Saudi Arabia Breaking Away

Saudi Arabia needs a strategy to diversify its oil-based economy. Can change come fast enough?



Saudi Arabia is stepping up efforts to remake its oil-based economy with the help of cross-border investment, even as it fights to maintain its oil-market share in the face of increased US energy production from shale. The sharp drop in oil prices, partly as a result of the kingdom’s refusal to cut crude production, is putting pressure on Riyadh’s budget, which will be in deep deficit this year. The fiscal challenge, however, could be a hidden boon, forcing the country to institute major, oft-postponed economic reforms.
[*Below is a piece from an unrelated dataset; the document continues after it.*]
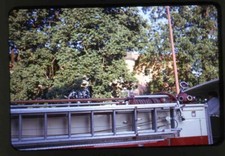 Dalmatian Dog / Fire Truck -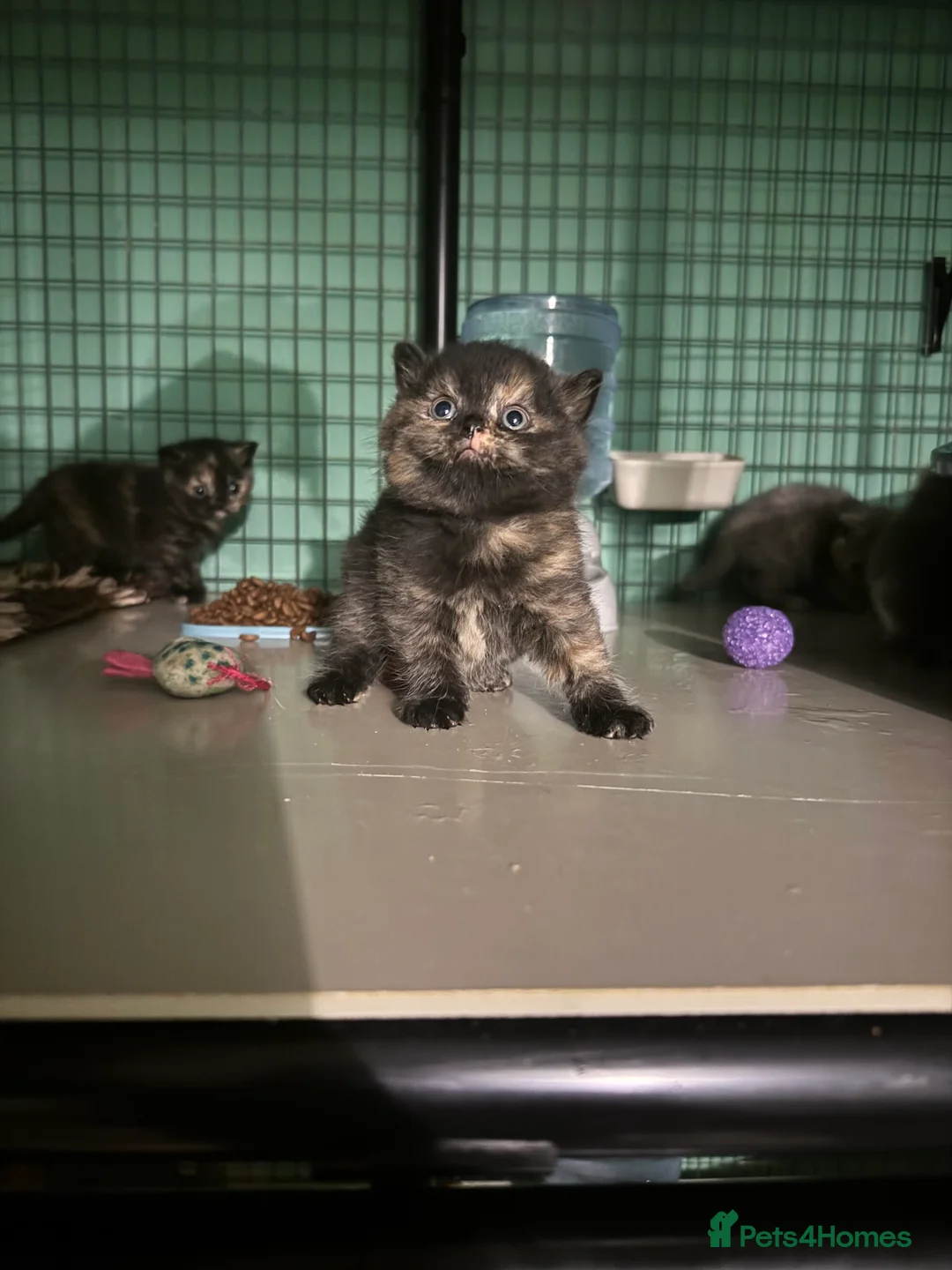 British Shorthair cats for sale: Tica reg BSH kittens  - Advert 15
“Gone are the days when Saudi Arabia could just issue debt to cover its deficits,” says John Sfakianakis, Riyadh-based Middle East director at investment manager Ashmore Group. “To be fiscally prudent, it must consider alternative means, such as some form of income tax or value-added tax, and a reduction in energy subsidies.”

Although its economy is much larger than that of neighboring United Arab Emirates, which has a majority expat population, Saudi Arabia should follow the UAE example, Sfakianakis says. In July the UAE said a government-appointed committee would set gasoline prices based on global oil-price benchmarks, ending billions of dollars worth of subsidies. The UAE authorities also are considering introducing a corporate tax and a value-added tax (VAT).

“Saudi Arabia’s diversification drive has been slow, and the country needs to push and enhance the effort,” Sfakianakis says. It is unclear whether or not the plan will work, however, since there are few cases where such diversification efforts have been truly successful, he says.

King Salman, who ascended to the throne in January, is running out of alternatives, Sfakianakis says. “The kingdom has to privatize the telecom industry, the railroads, the ports and the airports,” he says. “The political will is there, and government officials are thinking seriously about privatizing more companies.”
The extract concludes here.